SJI earns national recognition

By
SJI Staff

The Sports Journalism Institute — which started as an intriguing idea that sprang from a workshop at the 1992 NABJ convention in Detroit — has been awarded the Roone Arledge Award for Innovation, the National Sports Media Association announced today (March 1). 

The award was first given by the NSMA in 2015, with Arledge, the trail-blazing president of ABC Sports and ABC News, the posthumous recipient. The New York Times called Arledge “the most important behind-the-scenes figure in the television coverage of the major events of the last half century, from the Olympics to the boxing matches of Muhammad Ali in the 1960s to the Iranian hostage crisis of 1979-80.” 

It was a workshop on urban journalism at that NABJ convention 31 years ago that inspired Leon Carter (an editor in the sports department of Newsday at the time), and Sandy Rosenbush (then  deputy sports editor at the New York Times) to begin a conversation about what they could do to encourage more people like themselves --  women and journalists of color — to bring their voices and vision to the sports sections of the nation. 

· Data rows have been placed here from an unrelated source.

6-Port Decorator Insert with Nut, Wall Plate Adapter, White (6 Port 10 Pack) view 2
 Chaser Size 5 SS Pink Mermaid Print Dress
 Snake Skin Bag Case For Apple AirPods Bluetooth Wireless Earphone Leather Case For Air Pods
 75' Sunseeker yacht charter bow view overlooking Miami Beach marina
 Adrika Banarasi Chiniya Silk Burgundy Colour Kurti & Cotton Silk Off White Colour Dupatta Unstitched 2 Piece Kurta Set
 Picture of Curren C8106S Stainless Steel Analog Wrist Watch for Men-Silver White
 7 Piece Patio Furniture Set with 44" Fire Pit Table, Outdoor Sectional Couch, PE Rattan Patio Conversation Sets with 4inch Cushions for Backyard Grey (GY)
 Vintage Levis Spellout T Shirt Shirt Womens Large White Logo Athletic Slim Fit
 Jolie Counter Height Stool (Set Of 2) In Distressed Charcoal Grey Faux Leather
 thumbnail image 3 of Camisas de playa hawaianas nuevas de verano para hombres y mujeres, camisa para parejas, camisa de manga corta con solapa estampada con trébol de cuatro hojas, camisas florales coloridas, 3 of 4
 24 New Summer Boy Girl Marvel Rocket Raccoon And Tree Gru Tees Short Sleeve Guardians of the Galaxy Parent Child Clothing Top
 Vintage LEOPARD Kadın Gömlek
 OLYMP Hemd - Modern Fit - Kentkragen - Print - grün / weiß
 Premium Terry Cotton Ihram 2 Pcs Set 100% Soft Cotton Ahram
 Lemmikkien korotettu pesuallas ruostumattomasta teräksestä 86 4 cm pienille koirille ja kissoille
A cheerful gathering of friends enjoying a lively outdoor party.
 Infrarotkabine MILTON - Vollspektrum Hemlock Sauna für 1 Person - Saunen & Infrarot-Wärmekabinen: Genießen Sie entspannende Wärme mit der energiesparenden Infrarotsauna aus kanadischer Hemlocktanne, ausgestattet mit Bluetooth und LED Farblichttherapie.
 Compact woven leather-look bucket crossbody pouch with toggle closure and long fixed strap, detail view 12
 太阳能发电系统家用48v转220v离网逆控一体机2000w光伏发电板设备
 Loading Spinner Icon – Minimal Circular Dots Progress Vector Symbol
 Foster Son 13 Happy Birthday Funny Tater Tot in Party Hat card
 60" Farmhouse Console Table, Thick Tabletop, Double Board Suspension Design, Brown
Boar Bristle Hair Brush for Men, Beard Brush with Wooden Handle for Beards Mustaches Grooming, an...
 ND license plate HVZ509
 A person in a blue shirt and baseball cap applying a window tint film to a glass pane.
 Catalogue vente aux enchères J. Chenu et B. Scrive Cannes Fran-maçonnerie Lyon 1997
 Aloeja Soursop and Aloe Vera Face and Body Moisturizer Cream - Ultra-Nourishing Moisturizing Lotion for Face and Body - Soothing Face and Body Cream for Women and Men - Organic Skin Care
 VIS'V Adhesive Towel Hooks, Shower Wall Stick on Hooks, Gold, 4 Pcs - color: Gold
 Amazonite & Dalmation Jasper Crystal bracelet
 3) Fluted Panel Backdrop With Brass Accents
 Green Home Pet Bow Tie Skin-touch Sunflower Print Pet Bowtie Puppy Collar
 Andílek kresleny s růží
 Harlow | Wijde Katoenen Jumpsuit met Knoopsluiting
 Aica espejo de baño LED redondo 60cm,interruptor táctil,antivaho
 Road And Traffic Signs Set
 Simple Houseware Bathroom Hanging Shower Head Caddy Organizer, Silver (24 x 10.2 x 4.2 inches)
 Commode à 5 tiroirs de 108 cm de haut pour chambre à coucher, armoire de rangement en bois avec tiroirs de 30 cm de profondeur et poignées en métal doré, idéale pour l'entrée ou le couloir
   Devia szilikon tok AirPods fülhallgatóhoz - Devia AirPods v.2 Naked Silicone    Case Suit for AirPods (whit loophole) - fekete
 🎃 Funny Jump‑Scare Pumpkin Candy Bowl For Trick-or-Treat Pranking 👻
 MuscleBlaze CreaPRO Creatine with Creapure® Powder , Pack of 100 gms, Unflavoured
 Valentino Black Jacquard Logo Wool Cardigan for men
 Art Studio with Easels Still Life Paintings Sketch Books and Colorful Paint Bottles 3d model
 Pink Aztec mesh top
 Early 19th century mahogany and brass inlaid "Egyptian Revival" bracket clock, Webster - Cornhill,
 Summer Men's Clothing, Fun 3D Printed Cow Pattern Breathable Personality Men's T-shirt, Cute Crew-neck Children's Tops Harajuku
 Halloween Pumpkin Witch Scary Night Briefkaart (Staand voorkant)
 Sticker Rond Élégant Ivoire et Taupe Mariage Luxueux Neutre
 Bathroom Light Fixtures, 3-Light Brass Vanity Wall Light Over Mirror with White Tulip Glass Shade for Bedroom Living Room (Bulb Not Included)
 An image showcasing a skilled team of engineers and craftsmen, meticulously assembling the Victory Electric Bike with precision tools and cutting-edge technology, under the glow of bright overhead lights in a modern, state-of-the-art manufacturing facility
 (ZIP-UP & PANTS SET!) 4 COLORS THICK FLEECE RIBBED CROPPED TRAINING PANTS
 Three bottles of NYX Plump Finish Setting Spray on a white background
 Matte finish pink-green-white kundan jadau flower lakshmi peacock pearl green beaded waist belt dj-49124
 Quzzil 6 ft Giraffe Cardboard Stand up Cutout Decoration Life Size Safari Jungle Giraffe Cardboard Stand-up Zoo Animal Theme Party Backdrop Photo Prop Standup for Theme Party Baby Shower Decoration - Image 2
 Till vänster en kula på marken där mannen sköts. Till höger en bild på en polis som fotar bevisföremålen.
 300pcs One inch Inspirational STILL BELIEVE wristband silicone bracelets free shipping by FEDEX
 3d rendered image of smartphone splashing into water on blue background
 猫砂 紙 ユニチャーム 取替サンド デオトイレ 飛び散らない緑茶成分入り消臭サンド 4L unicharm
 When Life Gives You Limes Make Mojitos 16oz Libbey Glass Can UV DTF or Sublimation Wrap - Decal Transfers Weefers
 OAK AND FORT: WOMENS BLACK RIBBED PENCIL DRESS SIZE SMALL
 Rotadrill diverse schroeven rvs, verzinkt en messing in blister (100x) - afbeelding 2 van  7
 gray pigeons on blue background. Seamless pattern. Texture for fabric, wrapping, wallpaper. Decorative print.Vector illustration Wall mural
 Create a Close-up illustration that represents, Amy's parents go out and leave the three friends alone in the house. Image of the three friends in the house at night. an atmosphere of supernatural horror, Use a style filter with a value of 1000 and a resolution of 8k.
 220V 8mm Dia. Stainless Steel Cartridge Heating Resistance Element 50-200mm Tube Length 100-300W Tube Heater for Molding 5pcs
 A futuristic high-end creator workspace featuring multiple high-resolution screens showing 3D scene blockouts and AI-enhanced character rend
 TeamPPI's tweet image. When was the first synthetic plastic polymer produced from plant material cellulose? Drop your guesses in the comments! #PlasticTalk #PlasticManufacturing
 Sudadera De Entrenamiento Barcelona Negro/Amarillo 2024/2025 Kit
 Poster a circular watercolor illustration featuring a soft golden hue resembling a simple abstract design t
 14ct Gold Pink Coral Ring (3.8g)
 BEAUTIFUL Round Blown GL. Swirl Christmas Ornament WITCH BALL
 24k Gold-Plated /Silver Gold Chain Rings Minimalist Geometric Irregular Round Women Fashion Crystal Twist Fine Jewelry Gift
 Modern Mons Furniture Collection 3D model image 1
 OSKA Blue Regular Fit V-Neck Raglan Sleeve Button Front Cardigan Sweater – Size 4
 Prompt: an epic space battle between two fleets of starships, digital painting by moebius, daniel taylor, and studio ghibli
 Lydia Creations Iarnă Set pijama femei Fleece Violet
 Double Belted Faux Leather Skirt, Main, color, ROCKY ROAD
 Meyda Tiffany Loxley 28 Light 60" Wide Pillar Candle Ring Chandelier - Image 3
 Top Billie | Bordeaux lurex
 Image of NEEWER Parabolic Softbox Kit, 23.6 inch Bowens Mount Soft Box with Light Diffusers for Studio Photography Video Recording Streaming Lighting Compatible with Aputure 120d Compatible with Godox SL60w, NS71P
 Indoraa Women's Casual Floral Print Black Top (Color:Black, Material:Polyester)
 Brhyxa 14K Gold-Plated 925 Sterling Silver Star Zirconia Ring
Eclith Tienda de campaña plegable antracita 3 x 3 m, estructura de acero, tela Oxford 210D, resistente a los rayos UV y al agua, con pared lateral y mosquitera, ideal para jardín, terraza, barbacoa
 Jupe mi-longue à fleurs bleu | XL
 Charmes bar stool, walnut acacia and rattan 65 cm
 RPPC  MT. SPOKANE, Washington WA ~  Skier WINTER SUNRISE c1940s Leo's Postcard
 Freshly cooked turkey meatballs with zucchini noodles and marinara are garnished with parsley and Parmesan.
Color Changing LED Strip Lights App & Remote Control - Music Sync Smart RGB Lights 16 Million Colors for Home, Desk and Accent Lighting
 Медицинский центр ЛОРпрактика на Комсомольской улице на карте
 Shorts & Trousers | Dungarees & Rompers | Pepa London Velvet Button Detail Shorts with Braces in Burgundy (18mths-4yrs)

With the support of Alice Bonner and Leonard Hall of the Freedom Forum, the idea of SJI was born. With the enthusiasm and financial backing of Al Neuharth behind it, SJI became a reality almost overnight. Less than six months after those first conversations, Carter and Rosenbush were helping to choose members of the first SJI class.

“I am very proud of what SJI has accomplished since 1992,” said Carter, an editorial director at The Athletic.  “A big thanks to all of our supporters. The list is long. We are preparing for our 31st  class this year. Neither Sandy nor I thought in 1992 that SJI would still be thriving in 2023. But here we are. There is still so much work to be done in this industry when it comes to diversity.”

In 1992, Carter was on sabbatical from Newsday, thanks to a fellowship from the Freedom Forum. And by the time the students assembled at Norfolk State (Carter’s alma mater and the site of that first bootcamp), there was no turning back.  

Since Day One, SJI’s mission has been to add to the diversity in the nation’s sports media. Its nearly 400 graduates serve as testimony to the idea’s success and staying power. 

An essential component of SJI is its bootcamp, which has been conducted at Arizona State’s Cronkite School of Journalism and Mass Communications since 2019. Previous locations have included the University of Kansas, Clark Atlanta University,  the Missouri School of Journalism, the Poynter Institute and Norfolk State.

Bootcamp is partly a classroom experience, with local faculty and visiting professional sports writers and broadcasters regularly sharing their experiences and offering students advice. It’s also part deadline immersion, with students covering events on TV and in person, and writing on 15-minute deadlines about everything from baseball games to the career paths of classroom speakers. 

By the end of each bootcamp, students depart with a lengthy list of contacts and several hundred new brothers and sisters, all part of the extended SJI family.  The family aspect of SJI  helps make it a program in which everyone involved is invested in the students’ success, and that includes newspapers of the Associated Press Sports Editors, websites and networks (ESPN and Fox in particular) that serve as intern hosts.

The Arledge Award will be handed out during the organization’s “awards weekend,” June 24-26, in Winston Salem, N.C.